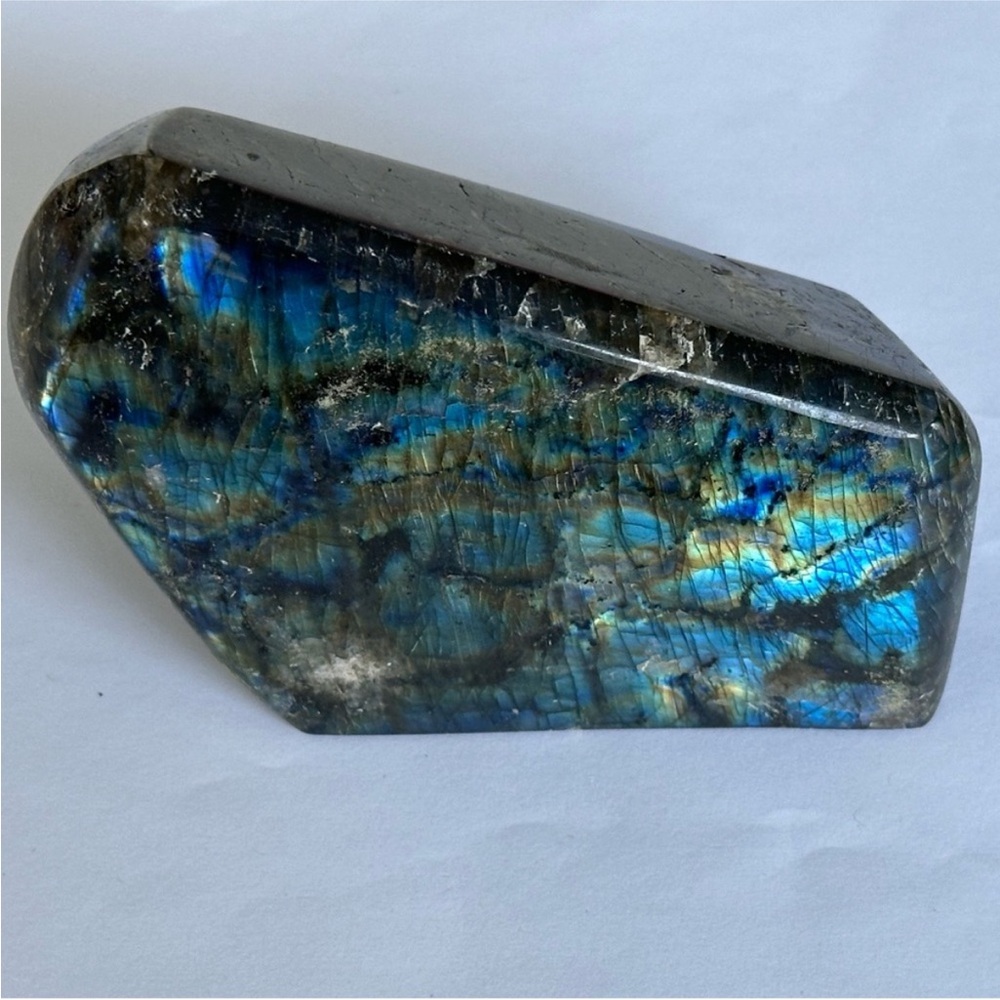Self standing labradorite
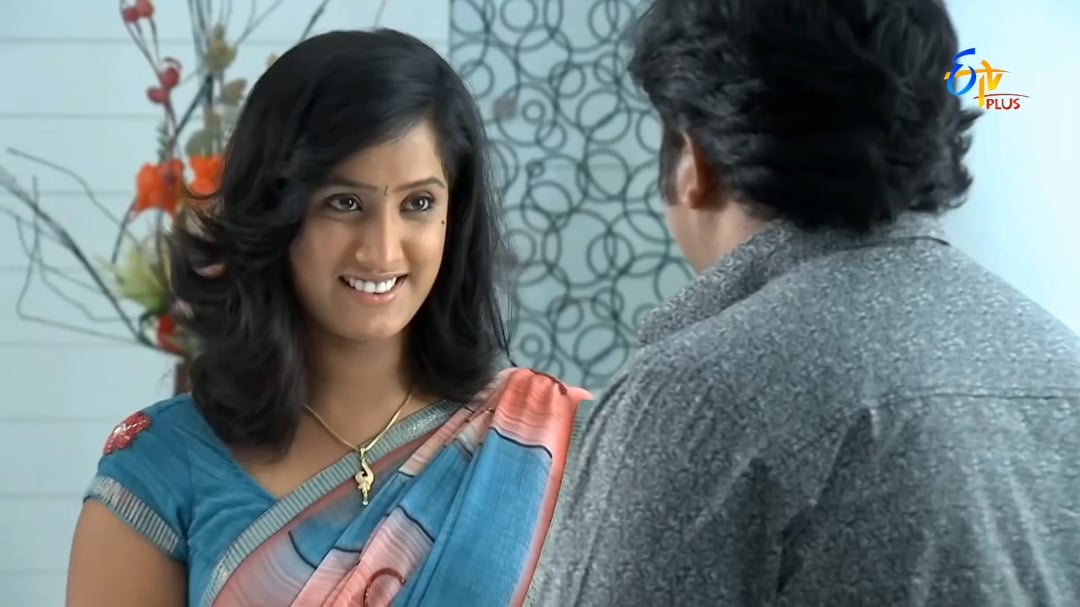 Hot and Sexy Sravani Priyanth Shows Off Her Curves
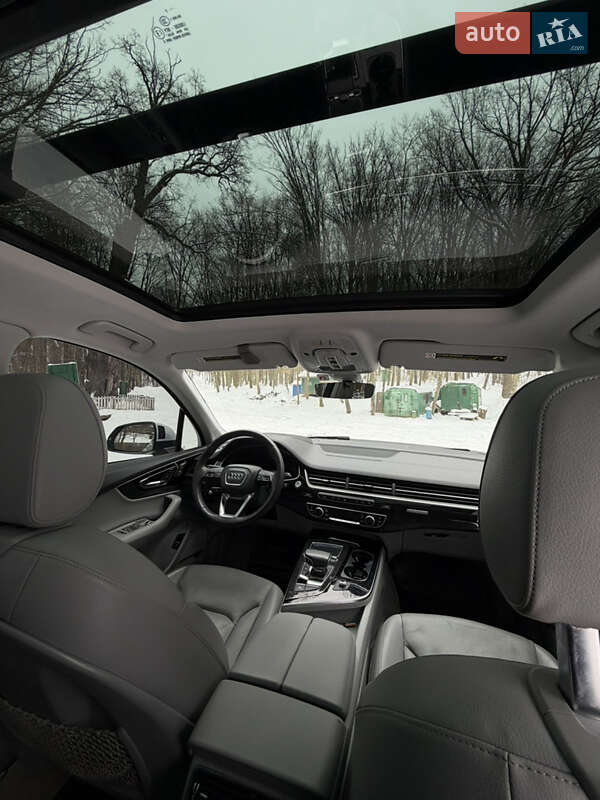 Внедорожник / Кроссовер Audi Q7 2016 в Виннице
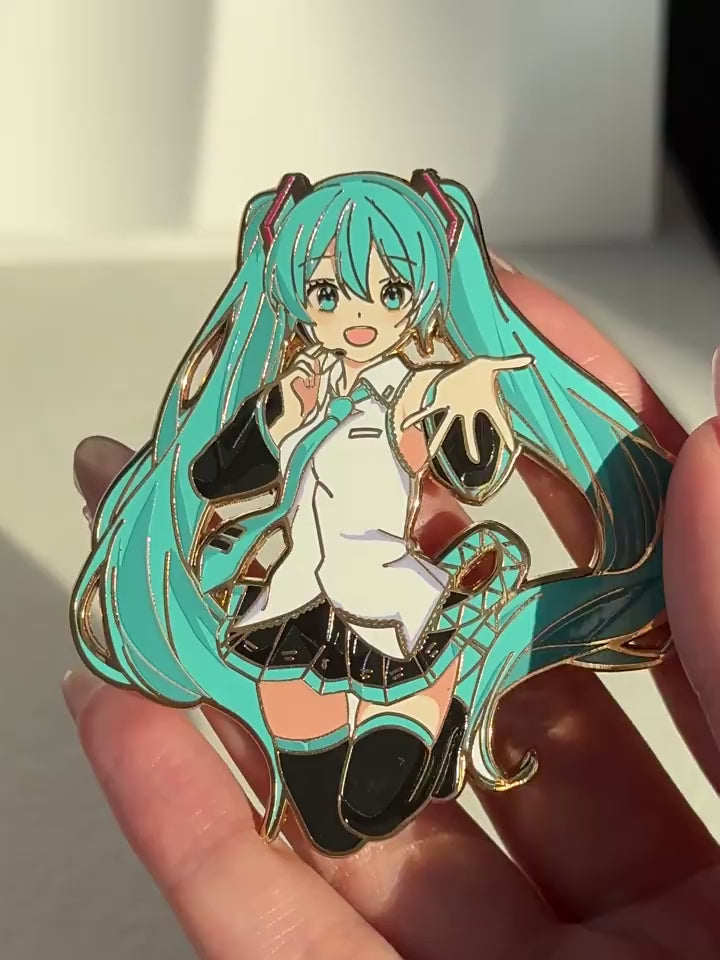 video of Hatsune Miku Pin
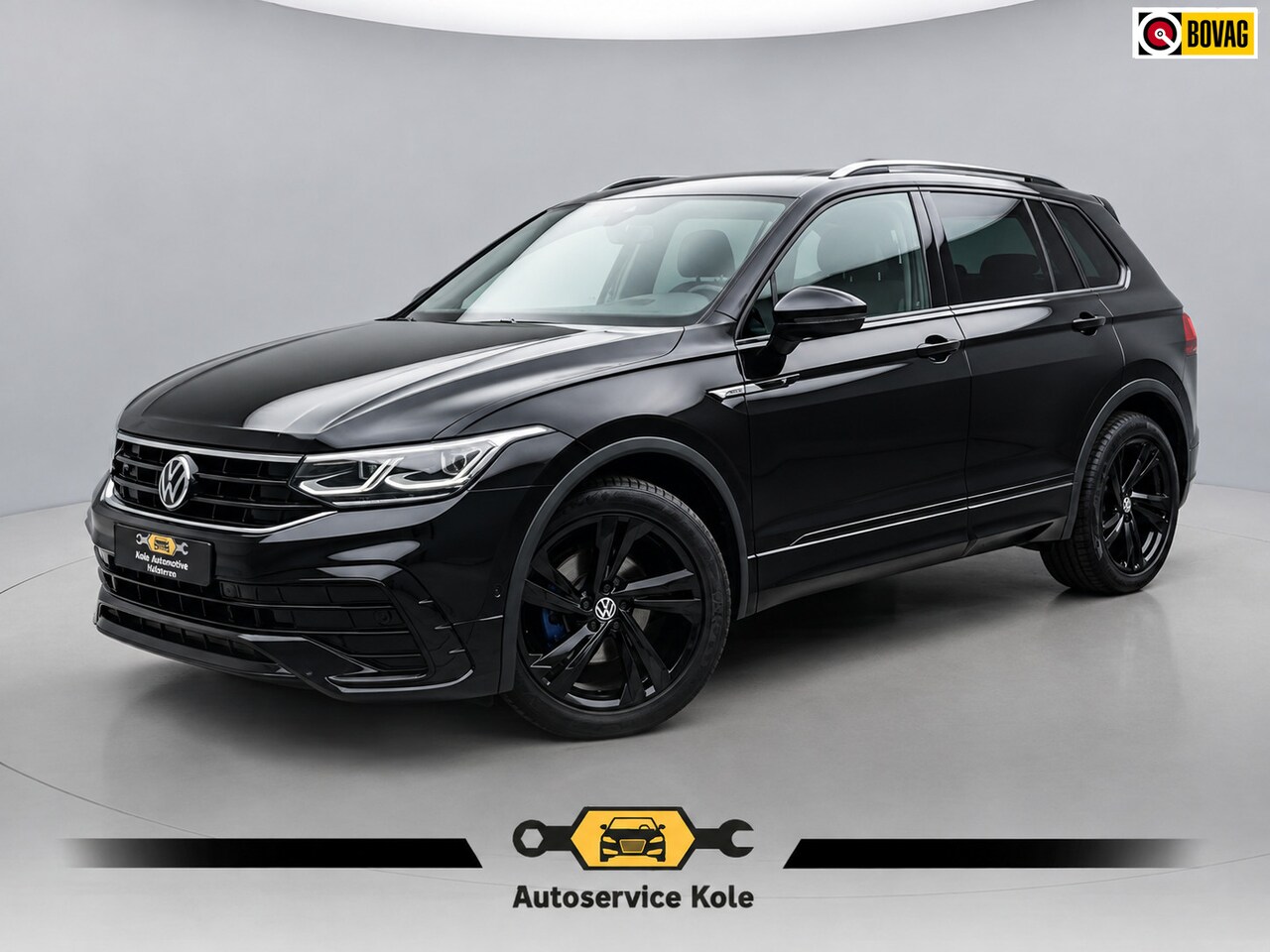 Volkswagen Tiguan - 1.5 TSI R-Line Blackstyle * Panorama * Stoelverwarming * Keyless * - AutoWereld.nl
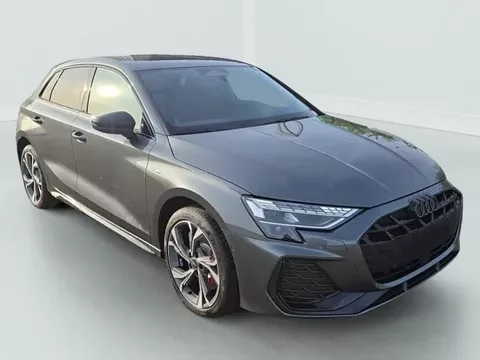 Audi A3 SPORTBACK 45 TFSI e Hybride rechargeable 272 S tronic 6 S line Zéro km immatriculé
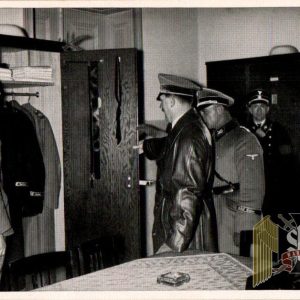 Adolf Hitler un used Cigarette Photo #100 Hitler inspects SS barracks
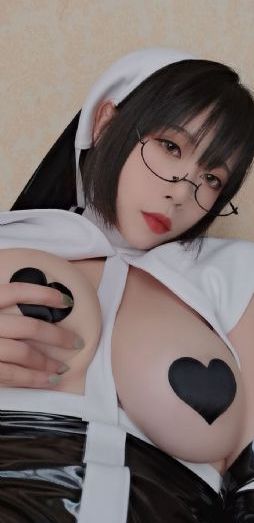 欧美人体艺术套图_剧情片在线手机播放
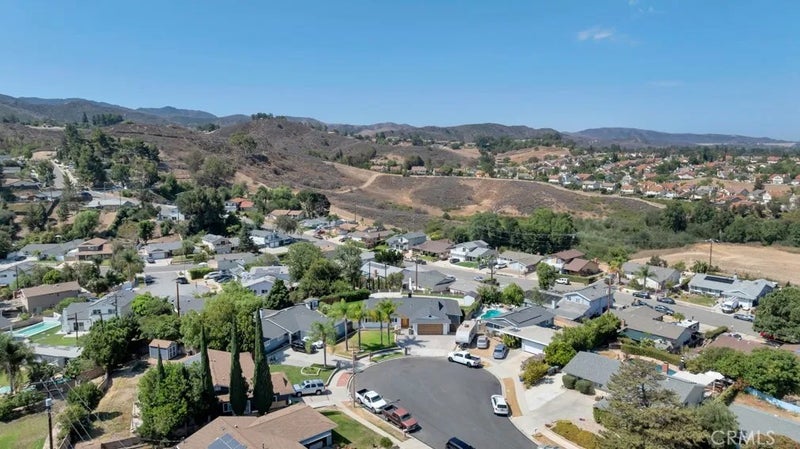 805 Moffatt Circle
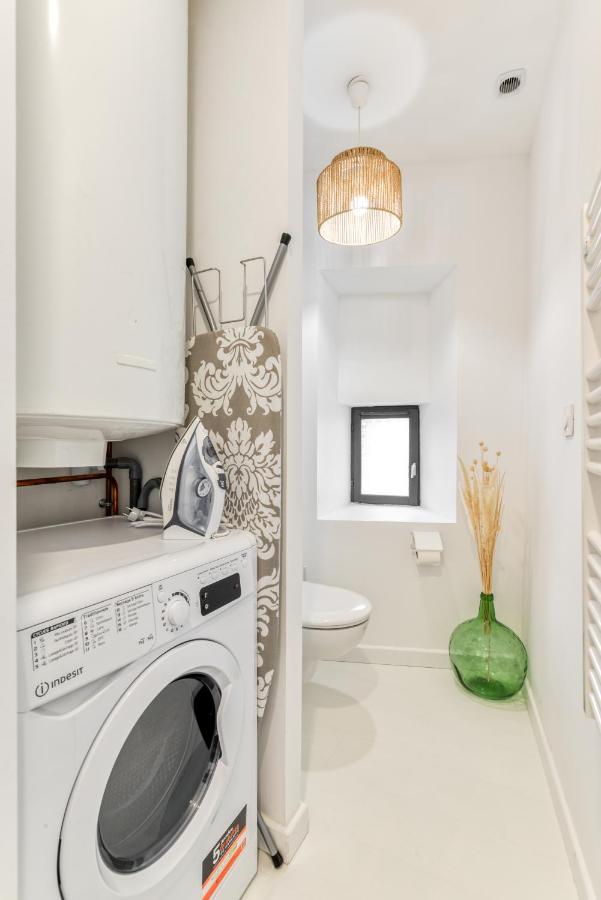 Les Gites De Laure - L'Or Blanc, Appartement Avec Vue Sur Le Chateau, Climatisation, Netflix, A 160 M De La Cite Medievale Carcassone Exterior photo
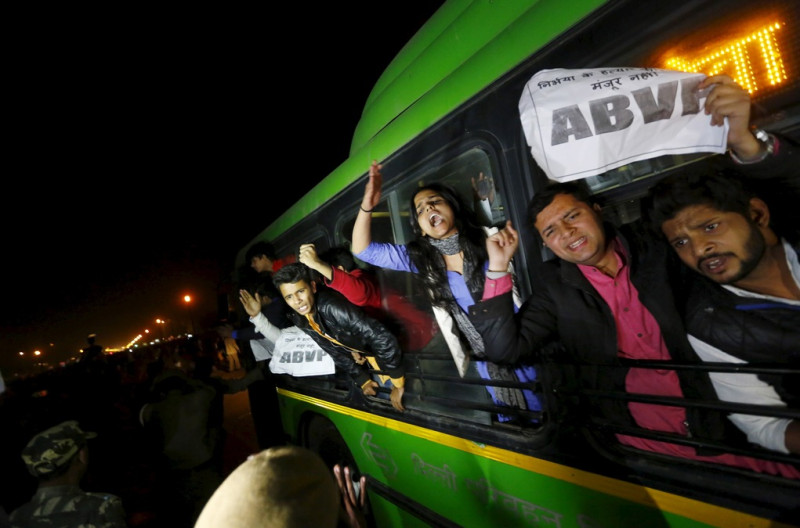 印度群眾聚集於首都新德里，抗議政府釋放2012年公車輪暴案其中一位犯人。   圖：達志影像/路透社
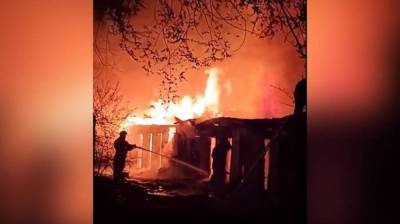 В Воронеже у жилых домов произошёл крупный пожар: появилось видео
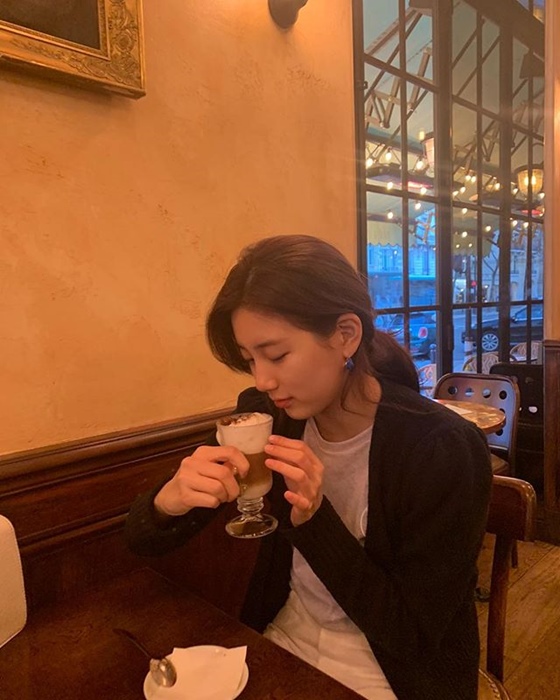Bae Suzy posted three photos on her instagram on the 9th with an article entitled Failure to direct.In the photo, Bae Suzy holds a drink with Cream on it; another photo shows Cream buried in his face, making a embarrassed laugh.The beauty of Bae Suzy, which shines even in the unpretentious appearance, catches the eye.Meanwhile, Bae Suzy is in the midst of shooting SBS new drama Bae Bond scheduled to be broadcast in May.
◆ ◆ ◆ ◆
- What you need to do -
Copy the lines above exactly, starting at the one with "欧美人体艺术套图_剧情片在线手机播放" and ending at the one with "印度群眾聚集於首都新德里，抗", both included. Leave out any pictures and add nothing else.

- Your solution -
 欧美人体艺术套图_剧情片在线手机播放
 805 Moffatt Circle
 Les Gites De Laure - L'Or Blanc, Appartement Avec Vue Sur Le Chateau, Climatisation, Netflix, A 160 M De La Cite Medievale Carcassone Exterior photo
 印度群眾聚集於首都新德里，抗議政府釋放2012年公車輪暴案其中一位犯人。   圖：達志影像/路透社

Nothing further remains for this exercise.